(PROBLEM) All that is wanted is a word-for-word copy of the line with "27 Laguna Parade, Berkeley Vale NSW 2261" and every line after it in the data below.

(MATERIAL FOR THIS TASK)
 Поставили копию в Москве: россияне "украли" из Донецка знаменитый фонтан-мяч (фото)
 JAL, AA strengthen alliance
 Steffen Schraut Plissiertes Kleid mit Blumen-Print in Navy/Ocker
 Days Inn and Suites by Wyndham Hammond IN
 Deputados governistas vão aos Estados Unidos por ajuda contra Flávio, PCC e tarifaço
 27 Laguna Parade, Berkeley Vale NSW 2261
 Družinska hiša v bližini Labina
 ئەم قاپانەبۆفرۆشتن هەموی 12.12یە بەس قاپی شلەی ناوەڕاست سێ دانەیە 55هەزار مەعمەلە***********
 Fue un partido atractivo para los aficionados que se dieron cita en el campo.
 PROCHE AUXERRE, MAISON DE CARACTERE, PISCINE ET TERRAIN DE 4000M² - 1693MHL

(RESPONSE BOX)
 27 Laguna Parade, Berkeley Vale NSW 2261
 Družinska hiša v bližini Labina
 ئەم قاپانەبۆفرۆشتن هەموی 12.12یە بەس قاپی شلەی ناوەڕاست سێ دانەیە 55هەزار مەعمەلە***********
 Fue un partido atractivo para los aficionados que se dieron cita en el campo.
 PROCHE AUXERRE, MAISON DE CARACTERE, PISCINE ET TERRAIN DE 4000M² - 1693MHL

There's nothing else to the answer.